Insulin resistance is defined as a decreased insulin response (the maximal effect of insulin) and/or decreased insulin sensitivity (half the insulin concentration required for the maximal effect) on a target tissue (Fig. 5).

The efficiency of insulin resistance can be defined by biological measurements:

            Glu uptake by the muscles,

            inhibition of liver Glu production,

            inhibition of fat breakdown (lipolysis).

Figure 5. The effects of insulin on Glucose utilization

(insulin sensitivity (EC₅₀) and efficiency of insulin effect (V_max))

Insulin resistance may cause a decrease of sensitivity or efficiency, but it may also have a combined effect. 
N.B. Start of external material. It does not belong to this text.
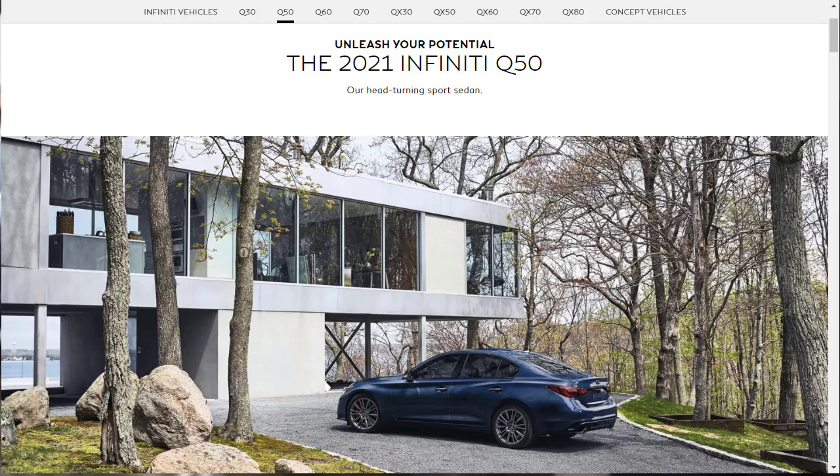Hi, welcome, thanks for joining me. On this episode of Build Your Own, we're going to build, price, and option a 2021 Infiniti Q50 Red Sport 400, as well as learn about the features and other configurations. Before we do, I just want to remind you that if you find this build and price review helpful, informative, or entertaining, please like, share, and subscribe to my channel.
The Glu uptake in the tissues is decreased, while the Glu production in the liver is increased by insulin resistance. This leads to hyperglycemia and a high blood Glu level. Insulin production is decreased by hyperglycemia, and a high blood Glu level is enhanced.  

Insulin resistance is the main risk factor of the MetS, but pregnancy or puberty may decrease the insulin sensitivity. The decreased level suggests increased levels of the insulin antagonist hormones (growth hormone, glucocorticoids and catecholamine). Other pathophysiological mechanisms which may decrease insulin sensitivity: increased osmolality (drying), damaged insulin receptors or the excess taking of diuretic drugs.

Insulin resistance mainly develops in obese and/or T2DM patients.

0.4-0.85 IU insulin/kg is sufficient for T1DM patients to maintain Glu homeostasis.  A dose of 1.0-1.20 IU insulin/kg suggests insulin resistance.